Les idées fixes sont toujours des fausses bonnes idées qui sont des idées utopiques, construites sur du sable et incapables de résoudre le moindre problème car :
- les réformateurs sont soit incapables de réformer, soit prédestinés à se réformer eux-mêmes très vite ;
- le sauveur annoncé, face aux périls ne songe, très vite, qu’à son propre sauvetage;
- l’impossibilité de tenir ses promesses conduit irrésistiblement le prophète soit à les oublier pour se contenter s’assurer le service minimum soit à faire le contraire de ce qu’il avait promis, le cours des choses s’étant malheureusement inversé malgré ses efforts dans l’intervalle ;
- l’obligation de tenir les engagements des clauses secrètes de traités assassins, signés du gouvernement précédent, fait d’irresponsables majeurs oblige à surseoir au train de réformes qu’il avait été prévu d’engager aussitôt que possible ;
- l’obstruction non déguisée d’une fraction de la population habituée à profiter des avantages indus liés à une position dominante acquise à des moments faciles empêche toute avancée significative dans la voie des réformes pourtant rendues nécessaires par l’évolution des sciences, des techniques, la poussée démographique des pays émergents à forte intelligence, au travail assidu, aux bas salaires et à la jeunesse conquérante qui ne s’embarrasse pas des idées reçues, des rentes de situation et des habitudes des chers beaux-vieux pays en voie d’entrer dans l’oubli de l’histoire des civilisations disparues.
L’idée fixe a le grave inconvénient de ne pouvoir bouger avec son participe passé définitif. La situation est rendue inextricable par cette position impossible à déménager. Fixe et fixée, elle fait le vide. Chevillée au corps, elle ne part généralement qu’au pas lent du corbillard. Elle laisse des traces quand, déshérités, les héritiers s’en souviennent longtemps.
L’idée tabou est la plus ancienne. Elle ne reste en vigueur que dans quelques tribus inconnues de Papouasie du Nord. Respectueux de la coutume, des croyances ancestrales, de la tradition orale et du culte des anciens, je n’en parlerai pas, n’insistez pas.

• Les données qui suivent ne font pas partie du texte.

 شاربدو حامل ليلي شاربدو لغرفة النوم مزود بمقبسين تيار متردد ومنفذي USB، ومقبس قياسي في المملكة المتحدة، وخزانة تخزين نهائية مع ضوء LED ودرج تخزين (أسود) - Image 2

L’idée dérangeante appartient au clan ennemi des idées simples, reçues, fortes et fixées. Elle lui doit sa réputation sulfureuse. Son seul tort est de bousculer les habitudes établies avec toutes leurs aises et devenues, par la force conjuguée de l’inertie, de l’aboulie dépressive, de la paresse et des avantages acquis tant bien que mal, un état dans l’état.
Un pays rassis, habité par une population vieillissante, aux valeurs de père de famille, adepte d’une religion traditionnelle, régi par le code Napoléon, ne pouvait que la haïr et plébisciter les autres.
L’idée originale, née d’une réflexion personnelle après l’observation d'un évènement étonnant est exceptionnelle. Elle a du mal à surgir, à mûrir, à se faire une place ou, au contraire, elle jaillit, transperce, éblouit, sans savoir d’où elle vient. Elle a du mal à se placer car elle se trouve confrontée à un tas d’idées reçues qui n’ont pas envie d’être évincées. Entrer dans la discussion, ouvrir le débat, se faire entendre est déjà un exploit ; se faire accepter en est un autre. L’idée originale est pourtant la seule façon de remettre la machine en marche, de réveiller les gens. Dans le pays des idées reçues, fortement fixées, ces qualités sont un handicap insurmontable. Sa seule chance d’être acceptée est d’être reçues à l’étranger et d’en revenir longtemps après, respectée, couverte de la gloire d’y avoir été reconnue belle et bonne.